BEGIN The data
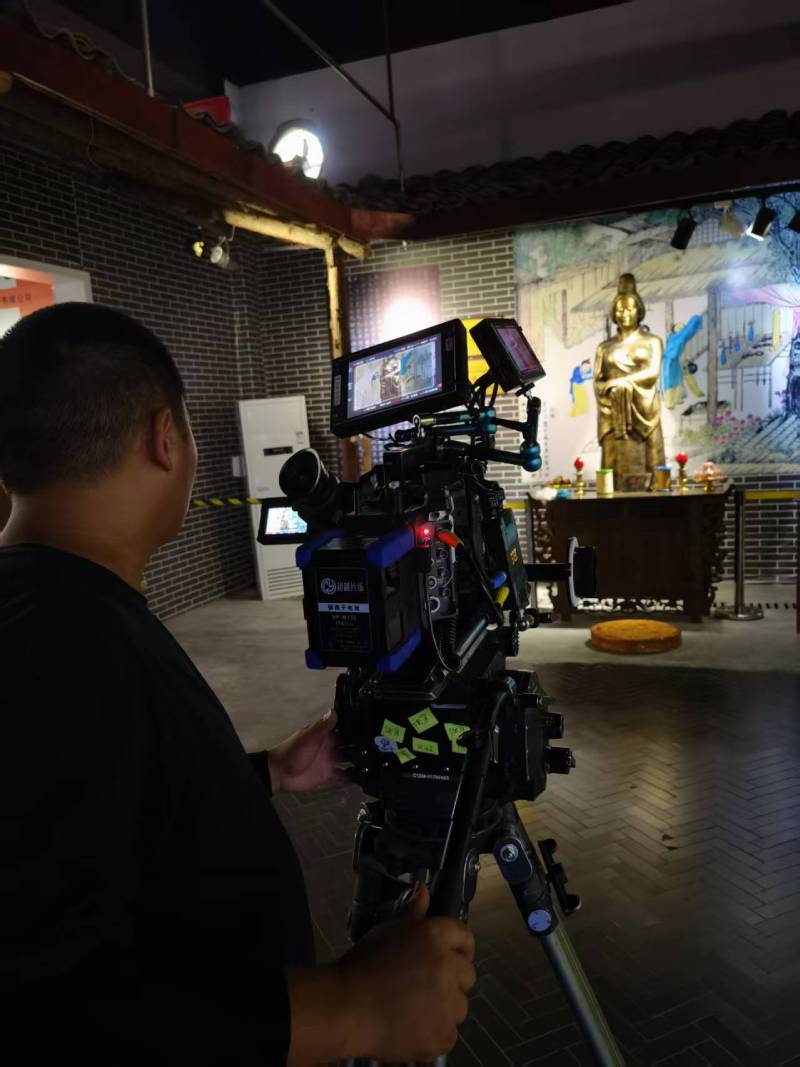 聚焦南陵县产品宣传视频拍摄公司，以专业实力赋能品牌声量升级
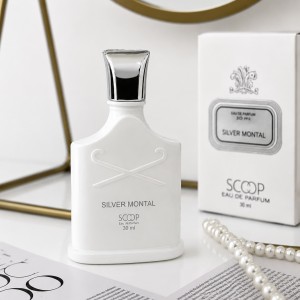 عطر ادکلن مینی کرید سیلور مانتین واتر 30میل  CREED Silver Mountain Water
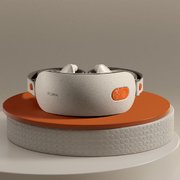 Массажер для шеи БОРК D606ch фото 2 в Екатеринбурге Массажер для шеи BORK D606ch фото 2 в Екатеринбурге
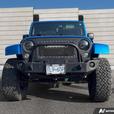 2015 JEEP WRANGLER UNLIMITED thumbnail image 2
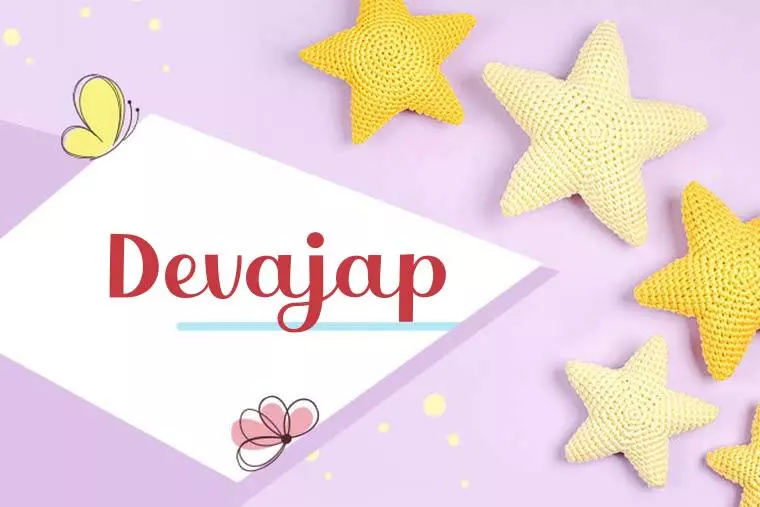 Devajap Stylish Wallpaper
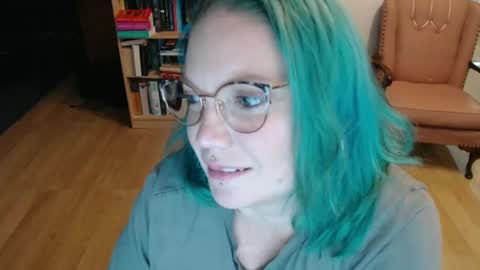 Sirene Serpens online show from January 17, 1:24 pm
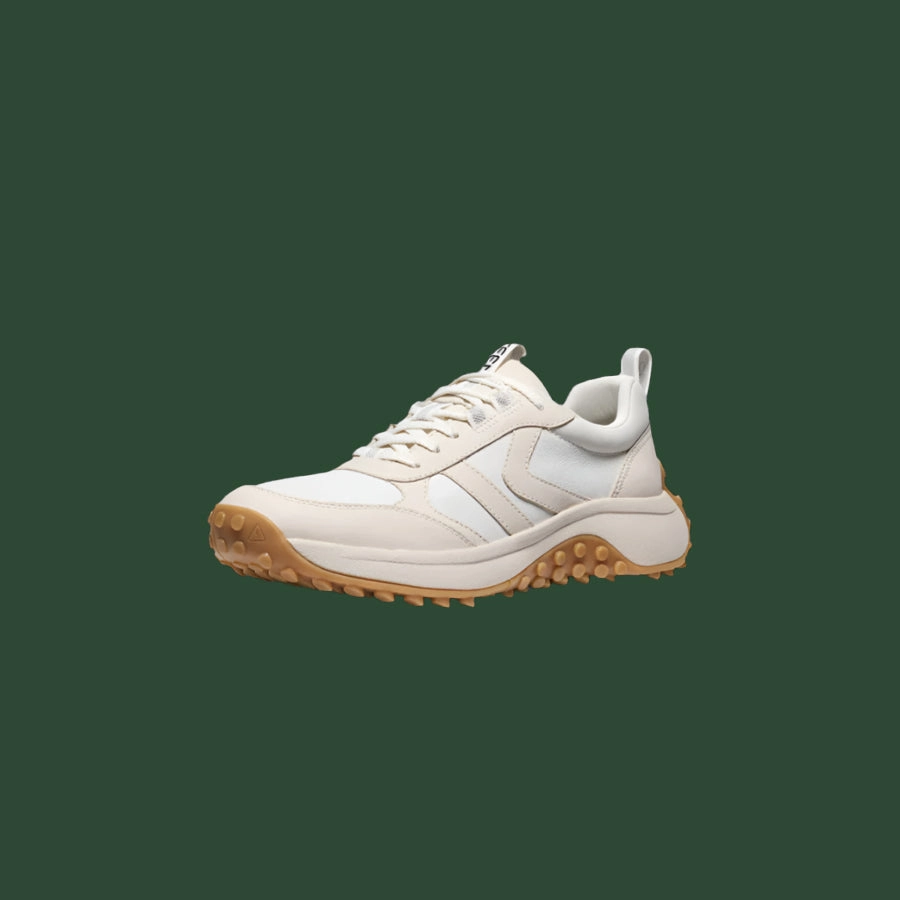 Women's Keen KS86 Leather Sneaker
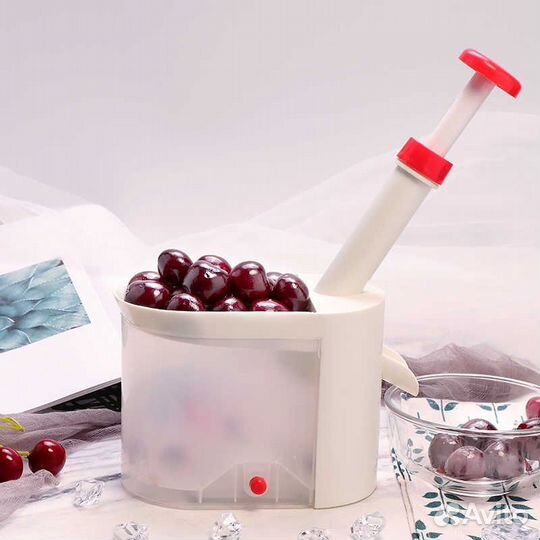 Вишнечистка косточкоудалитель вишни,черешн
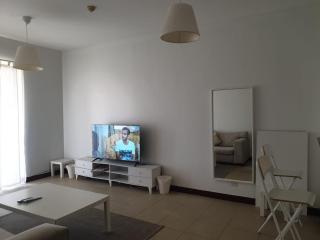 زهور المدينة - 1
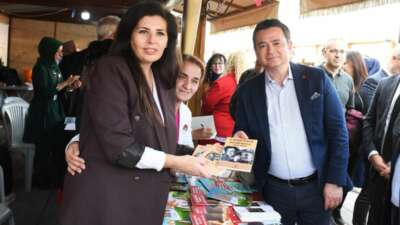 Osmangazi Belediyesi, Bursa’nın fethinin 700.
END The data
Pictures in the records above are left out; print everything else exactly as written.

 聚焦南陵县产品宣传视频拍摄公司，以专业实力赋能品牌声量升级
 عطر ادکلن مینی کرید سیلور مانتین واتر 30میل  CREED Silver Mountain Water
 Массажер для шеи БОРК D606ch фото 2 в Екатеринбурге Массажер для шеи BORK D606ch фото 2 в Екатеринбурге
 2015 JEEP WRANGLER UNLIMITED thumbnail image 2
 Devajap Stylish Wallpaper
 Sirene Serpens online show from January 17, 1:24 pm
 Women's Keen KS86 Leather Sneaker
 Вишнечистка косточкоудалитель вишни,черешн
 زهور المدينة - 1
 Osmangazi Belediyesi, Bursa’nın fethinin 700.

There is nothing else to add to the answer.